The Puritans had formula for examining their children, everone really, for signs of faith. To some extent this seems a wise practice to avoid presumption. (I've reared my own children with a practice from this era, warning them they cannot be sure they'll live another moment, day, week or year -- that they could be making an accounting before God at any time.) 

It's possible that odd quotes from covenant theologians may be addressing the faulty notion of an age of innocence. This theology became part of the Friends, Mennonites, and others related to the Anabaptists. 

(Many modern protestants adopt this view without thinking. It is likely present in most main-line churches.)

This distinctive cuts off the foundation of saving faith, for if one were to be born in innocence, why couldn't one continue? What's the need of a savior?

Contrast that to the notion that each one of us is born in sin but as part of Christian homes and churches, are given every advantage in coming to faith through being present in the church, the teaching of the word, prayer, and discipline. 

No where in the OT, the early church, or the age of reformation do you see children excluded until they show some proof they should be included. Non-believing adults, certainly, our children? Never.

Reactions: Like 2


----------



## RamistThomist (Mar 23, 2019)

I know of some neo-Puritans who would forbid their children to say the Lord's Prayer, for what right did these vipers have to call God their Father?


----------



## ZackF (Mar 23, 2019)

BayouHuguenot said:


> I know of some neo-Puritans who would forbid their children to say the Lord's Prayer, for what right did these vipers have to call God their Father?


Who were the ‘neo’ Puritans?


----------



## RamistThomist (Mar 23, 2019)

ZackF said:


> Who were the ‘neo’ Puritans?



In one lecture Gerstner said something like that. It was on "The Puritans" in his church history course. He specifically said they are vipers in diapers and putting "covenant" in front of it doesn't change anything. His words. The Neo-Puritans who specifically said that were old-timers in Mississsippi churches from a few decades ago.

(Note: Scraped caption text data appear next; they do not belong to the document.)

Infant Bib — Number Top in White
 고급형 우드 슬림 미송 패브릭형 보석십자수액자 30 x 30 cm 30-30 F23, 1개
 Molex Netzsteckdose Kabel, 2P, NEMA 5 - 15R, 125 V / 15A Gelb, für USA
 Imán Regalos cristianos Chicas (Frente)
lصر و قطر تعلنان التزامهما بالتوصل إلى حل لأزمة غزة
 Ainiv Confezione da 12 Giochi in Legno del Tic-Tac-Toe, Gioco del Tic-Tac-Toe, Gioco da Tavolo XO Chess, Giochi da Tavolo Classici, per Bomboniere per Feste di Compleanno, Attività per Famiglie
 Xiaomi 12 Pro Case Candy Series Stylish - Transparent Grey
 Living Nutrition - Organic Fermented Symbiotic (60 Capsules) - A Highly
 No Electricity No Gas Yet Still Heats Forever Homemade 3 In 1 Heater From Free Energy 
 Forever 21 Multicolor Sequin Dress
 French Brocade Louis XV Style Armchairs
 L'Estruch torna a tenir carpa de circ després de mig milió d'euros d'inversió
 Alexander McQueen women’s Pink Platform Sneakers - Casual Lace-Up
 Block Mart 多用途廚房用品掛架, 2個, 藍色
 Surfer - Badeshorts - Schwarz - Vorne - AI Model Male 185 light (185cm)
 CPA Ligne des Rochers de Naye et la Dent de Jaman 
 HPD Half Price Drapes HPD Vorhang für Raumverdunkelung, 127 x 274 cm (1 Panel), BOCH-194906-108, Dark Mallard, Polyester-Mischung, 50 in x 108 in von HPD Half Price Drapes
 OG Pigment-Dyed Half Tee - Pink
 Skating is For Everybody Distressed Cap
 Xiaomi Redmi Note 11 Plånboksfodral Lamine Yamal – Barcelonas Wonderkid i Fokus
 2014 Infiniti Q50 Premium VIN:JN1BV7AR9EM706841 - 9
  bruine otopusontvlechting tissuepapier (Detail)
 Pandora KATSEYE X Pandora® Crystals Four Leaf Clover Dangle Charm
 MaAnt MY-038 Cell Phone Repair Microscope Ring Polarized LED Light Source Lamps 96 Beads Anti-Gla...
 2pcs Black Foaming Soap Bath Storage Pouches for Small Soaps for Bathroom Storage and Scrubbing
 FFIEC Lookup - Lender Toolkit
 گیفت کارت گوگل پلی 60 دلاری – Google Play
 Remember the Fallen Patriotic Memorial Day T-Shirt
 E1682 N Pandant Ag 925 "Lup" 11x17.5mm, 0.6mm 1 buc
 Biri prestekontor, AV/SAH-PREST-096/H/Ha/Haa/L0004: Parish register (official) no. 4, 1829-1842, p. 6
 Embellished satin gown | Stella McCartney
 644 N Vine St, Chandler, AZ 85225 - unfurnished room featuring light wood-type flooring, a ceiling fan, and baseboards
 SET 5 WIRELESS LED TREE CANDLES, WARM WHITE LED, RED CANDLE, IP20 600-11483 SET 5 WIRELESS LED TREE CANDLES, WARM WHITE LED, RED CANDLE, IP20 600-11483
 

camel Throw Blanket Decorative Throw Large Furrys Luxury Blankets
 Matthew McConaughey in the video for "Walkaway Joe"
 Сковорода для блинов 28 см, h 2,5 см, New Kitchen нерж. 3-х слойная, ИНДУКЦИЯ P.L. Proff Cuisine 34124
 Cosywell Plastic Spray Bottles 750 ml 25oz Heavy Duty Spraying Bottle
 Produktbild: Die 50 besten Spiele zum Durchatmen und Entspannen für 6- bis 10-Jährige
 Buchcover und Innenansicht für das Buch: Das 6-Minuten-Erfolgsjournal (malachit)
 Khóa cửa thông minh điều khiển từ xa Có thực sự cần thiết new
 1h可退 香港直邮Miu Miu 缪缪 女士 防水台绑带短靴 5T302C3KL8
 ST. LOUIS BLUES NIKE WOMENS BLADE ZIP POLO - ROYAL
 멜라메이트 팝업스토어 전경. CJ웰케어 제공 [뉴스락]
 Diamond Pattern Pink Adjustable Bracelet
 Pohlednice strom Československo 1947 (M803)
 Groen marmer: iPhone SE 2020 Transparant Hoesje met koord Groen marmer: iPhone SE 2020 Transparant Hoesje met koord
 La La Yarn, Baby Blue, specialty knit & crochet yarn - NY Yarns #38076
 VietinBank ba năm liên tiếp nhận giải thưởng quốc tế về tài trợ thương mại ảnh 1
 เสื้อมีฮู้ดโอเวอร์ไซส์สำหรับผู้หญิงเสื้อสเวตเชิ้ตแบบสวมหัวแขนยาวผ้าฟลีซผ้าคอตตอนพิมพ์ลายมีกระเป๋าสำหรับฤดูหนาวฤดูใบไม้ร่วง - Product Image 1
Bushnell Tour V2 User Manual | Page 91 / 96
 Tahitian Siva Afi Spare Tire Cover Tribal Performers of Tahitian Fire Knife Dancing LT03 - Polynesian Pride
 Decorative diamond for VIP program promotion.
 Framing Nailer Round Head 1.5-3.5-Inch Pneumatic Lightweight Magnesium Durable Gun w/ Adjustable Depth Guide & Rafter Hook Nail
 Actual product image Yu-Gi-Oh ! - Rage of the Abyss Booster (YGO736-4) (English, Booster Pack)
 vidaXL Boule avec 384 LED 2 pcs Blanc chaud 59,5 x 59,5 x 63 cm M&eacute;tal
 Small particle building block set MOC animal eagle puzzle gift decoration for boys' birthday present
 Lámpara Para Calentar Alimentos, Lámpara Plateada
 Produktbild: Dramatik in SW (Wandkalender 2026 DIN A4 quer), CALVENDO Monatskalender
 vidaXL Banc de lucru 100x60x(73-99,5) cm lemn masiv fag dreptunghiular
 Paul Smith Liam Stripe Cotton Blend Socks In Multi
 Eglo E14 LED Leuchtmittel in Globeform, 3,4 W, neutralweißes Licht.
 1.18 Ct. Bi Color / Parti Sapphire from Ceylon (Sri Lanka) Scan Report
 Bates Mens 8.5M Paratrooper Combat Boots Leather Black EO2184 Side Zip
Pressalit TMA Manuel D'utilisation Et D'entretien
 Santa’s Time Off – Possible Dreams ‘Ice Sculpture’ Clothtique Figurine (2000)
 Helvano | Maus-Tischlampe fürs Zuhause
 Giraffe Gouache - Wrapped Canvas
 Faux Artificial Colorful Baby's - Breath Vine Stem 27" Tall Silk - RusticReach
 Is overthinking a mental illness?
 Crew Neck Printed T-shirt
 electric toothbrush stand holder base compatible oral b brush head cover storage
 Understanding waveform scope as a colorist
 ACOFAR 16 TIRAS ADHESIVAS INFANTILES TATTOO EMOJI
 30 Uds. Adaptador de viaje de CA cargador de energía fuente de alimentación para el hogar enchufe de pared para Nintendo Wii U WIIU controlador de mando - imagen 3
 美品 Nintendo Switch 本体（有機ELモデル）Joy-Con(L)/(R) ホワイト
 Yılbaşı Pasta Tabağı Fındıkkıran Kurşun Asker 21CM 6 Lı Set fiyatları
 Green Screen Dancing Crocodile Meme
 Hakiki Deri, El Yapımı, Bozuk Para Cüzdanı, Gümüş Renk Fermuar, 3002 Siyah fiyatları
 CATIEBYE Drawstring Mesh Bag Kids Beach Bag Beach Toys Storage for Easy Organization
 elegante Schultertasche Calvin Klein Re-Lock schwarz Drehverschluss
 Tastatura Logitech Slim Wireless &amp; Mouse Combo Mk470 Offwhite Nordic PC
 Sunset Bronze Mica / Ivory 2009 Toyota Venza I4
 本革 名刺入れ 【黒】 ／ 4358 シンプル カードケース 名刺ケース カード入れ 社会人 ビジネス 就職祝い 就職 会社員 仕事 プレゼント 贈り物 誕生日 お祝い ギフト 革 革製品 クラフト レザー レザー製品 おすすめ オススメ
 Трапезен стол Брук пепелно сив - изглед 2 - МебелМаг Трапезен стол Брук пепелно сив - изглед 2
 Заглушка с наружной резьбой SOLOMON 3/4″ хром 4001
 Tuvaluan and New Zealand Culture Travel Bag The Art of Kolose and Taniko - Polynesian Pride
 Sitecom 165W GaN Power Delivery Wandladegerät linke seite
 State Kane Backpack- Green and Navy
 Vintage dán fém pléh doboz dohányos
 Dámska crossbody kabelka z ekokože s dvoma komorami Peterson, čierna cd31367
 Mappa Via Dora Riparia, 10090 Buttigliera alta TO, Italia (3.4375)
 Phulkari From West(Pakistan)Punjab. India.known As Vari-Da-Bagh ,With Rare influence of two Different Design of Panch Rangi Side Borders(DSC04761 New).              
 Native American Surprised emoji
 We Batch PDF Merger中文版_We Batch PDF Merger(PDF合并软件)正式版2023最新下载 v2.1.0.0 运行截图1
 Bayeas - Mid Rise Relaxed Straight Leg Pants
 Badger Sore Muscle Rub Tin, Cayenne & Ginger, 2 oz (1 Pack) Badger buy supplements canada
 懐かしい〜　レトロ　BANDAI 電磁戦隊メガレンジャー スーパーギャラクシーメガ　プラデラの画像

I also believe, but I am not 100%, that RCjr (I know, consider the source) mentioned that about Gerstner.


----------



## Reformed Covenanter (Mar 23, 2019)

If you hold to Thornwell's position on this subject, then no matter how Reformed or Presbyterian you claim to be, you are a Baptist who drinks and smokes.

Reactions: Like 3


----------



## jwithnell (Mar 23, 2019)

!


BayouHuguenot said:


> In one lecture Gerstner said something like that. It was on "The Puritans" in his church history course. He specifically said they are vipers in diapers and putting "covenant" in front of it doesn't change anything. His words. The Neo-Puritans who specifically said that were old-timers in Mississsippi churches from a few decades ago.
> 
> I also believe, but I am not 100%, that RCjr (I know, consider the source) mentioned that about Gerstner.


I appreciated Dr. Gerstner's influencing a whole generation of young pastors to consider the puritans. 

In the late 80s, it seems like we saw a surge of folks that took extremes either making no distinction between children and adults (paedocommunion such as at Tyler, Texas) or driving a wedge between younger and more mature believers.


----------



## C. M. Sheffield (Mar 23, 2019)

Reformed Covenanter said:


> If you hold to Thornwell's position on this subject, then no matter how Reformed or Presbyterian you claim to be, you are a Baptist who drinks and smokes.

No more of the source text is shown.